Thursday, November 16, 2006

We're All Naked Underneath Our Clothes

I spend at least two hours on the bus/metro every day. Today was longer because of a traffic jam on Rua Atlântica, which made the commute take an extra 30 minutes. It affords me a lot of time for idle introspection and people-watching, and occasionally reading, if I feel the need to compete with the bumpiness.

You see yourself a lot on the subway - catch yourself in reflections whenever you pass through dark tunnels. I caught myself staring at myself today on the way home. I couldn't help but notice my outfit (black shirt, brown capris) and wonder what would happen if I rode the subway in a bikini. How many times would it take before I stopped feeling naked and self-conscious? Men here jog in speedos, you know. They manage to create pseudo-pockets where I thought none could exist, and somehow carry their cell phone and keys while jogging along. They also walk around, ride the bus, and go grocery shopping in speedos, on a related note. And the weather is picking up, so I suppose I'll see even more of this.
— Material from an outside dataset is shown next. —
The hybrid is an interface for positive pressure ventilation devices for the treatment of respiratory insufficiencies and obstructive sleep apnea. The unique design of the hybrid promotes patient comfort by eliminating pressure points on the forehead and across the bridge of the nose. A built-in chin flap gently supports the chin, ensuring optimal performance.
I'm beginning to feel anxious. In two days, I'll have only a month left here. I know I'm the one who planned on coming back in December, and surely I'll be able to find a job somewhere, but change, as always, scares me. You'd think I'd be getting used to it, and maybe I am, but it's a nice place, Rio, and I wouldn't mind staying longer, and more than anything right now I think I just need to put down some roots and stand a little still. Standing still on the subway everyday is useless if the rest of my life is spent running around.